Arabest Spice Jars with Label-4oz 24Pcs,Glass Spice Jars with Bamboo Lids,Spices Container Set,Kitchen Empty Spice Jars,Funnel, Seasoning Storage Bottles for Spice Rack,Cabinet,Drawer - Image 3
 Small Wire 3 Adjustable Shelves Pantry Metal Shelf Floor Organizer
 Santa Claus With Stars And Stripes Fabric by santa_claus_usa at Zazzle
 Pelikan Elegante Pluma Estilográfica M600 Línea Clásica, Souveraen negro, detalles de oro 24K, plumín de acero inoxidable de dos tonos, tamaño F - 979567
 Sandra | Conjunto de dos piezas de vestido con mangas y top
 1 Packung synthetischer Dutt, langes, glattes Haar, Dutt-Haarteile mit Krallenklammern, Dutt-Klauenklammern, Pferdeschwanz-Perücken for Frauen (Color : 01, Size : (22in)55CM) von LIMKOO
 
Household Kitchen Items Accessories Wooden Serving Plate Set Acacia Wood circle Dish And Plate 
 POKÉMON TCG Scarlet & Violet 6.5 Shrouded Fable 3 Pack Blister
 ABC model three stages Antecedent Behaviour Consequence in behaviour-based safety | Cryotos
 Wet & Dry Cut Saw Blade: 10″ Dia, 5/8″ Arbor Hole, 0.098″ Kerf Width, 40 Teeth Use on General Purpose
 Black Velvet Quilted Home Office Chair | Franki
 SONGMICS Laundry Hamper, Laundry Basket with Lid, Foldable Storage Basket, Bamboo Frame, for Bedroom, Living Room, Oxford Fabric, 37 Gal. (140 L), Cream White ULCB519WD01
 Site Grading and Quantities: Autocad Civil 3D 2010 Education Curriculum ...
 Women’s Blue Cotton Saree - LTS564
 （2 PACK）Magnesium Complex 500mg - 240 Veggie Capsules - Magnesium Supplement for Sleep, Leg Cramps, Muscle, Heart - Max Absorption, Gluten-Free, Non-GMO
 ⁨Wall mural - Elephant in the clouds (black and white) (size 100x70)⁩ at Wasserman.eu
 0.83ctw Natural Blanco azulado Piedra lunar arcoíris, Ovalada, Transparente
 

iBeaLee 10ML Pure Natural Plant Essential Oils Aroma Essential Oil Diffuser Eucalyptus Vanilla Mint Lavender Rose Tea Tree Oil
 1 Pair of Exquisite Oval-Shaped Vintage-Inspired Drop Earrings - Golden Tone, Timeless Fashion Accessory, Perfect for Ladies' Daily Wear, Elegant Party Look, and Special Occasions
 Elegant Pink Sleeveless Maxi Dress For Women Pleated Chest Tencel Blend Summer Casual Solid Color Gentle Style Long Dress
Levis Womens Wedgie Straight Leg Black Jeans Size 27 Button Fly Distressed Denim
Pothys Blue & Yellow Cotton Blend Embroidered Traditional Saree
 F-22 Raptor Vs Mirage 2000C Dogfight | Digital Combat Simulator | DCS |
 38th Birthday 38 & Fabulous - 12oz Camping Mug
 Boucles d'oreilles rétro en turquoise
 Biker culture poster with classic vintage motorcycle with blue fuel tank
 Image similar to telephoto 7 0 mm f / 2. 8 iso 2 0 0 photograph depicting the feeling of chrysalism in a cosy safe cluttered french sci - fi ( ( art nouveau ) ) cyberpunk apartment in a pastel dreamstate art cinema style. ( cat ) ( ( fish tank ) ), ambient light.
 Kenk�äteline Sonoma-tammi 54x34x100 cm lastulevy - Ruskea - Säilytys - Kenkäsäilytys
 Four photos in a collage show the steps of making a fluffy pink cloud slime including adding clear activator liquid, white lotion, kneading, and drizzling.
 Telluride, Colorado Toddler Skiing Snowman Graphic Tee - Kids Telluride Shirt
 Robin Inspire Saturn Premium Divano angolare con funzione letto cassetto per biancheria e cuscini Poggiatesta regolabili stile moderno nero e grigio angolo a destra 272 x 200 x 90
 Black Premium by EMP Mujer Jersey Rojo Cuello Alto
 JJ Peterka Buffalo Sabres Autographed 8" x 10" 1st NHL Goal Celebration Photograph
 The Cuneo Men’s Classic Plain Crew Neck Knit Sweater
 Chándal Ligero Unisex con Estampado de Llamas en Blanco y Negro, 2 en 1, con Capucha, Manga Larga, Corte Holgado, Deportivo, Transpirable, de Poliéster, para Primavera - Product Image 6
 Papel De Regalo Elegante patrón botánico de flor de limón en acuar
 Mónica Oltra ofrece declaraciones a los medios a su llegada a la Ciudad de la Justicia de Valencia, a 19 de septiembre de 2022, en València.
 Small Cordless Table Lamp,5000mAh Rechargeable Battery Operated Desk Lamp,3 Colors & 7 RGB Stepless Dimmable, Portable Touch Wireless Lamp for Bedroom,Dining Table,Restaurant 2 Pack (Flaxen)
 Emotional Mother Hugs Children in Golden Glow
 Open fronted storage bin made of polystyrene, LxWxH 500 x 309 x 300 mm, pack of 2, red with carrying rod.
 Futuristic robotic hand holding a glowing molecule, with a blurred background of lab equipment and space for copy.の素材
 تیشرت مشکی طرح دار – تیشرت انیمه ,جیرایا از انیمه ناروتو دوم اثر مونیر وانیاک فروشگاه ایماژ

================================

Task prompt: Look through the entries above and quote exactly the lines from the line with "F-22 Raptor Vs" to the line with "Biker culture poster", counting both of those lines.

Answer to the exercise:
 F-22 Raptor Vs Mirage 2000C Dogfight | Digital Combat Simulator | DCS |
 38th Birthday 38 & Fabulous - 12oz Camping Mug
 Boucles d'oreilles rétro en turquoise
 Biker culture poster with classic vintage motorcycle with blue fuel tank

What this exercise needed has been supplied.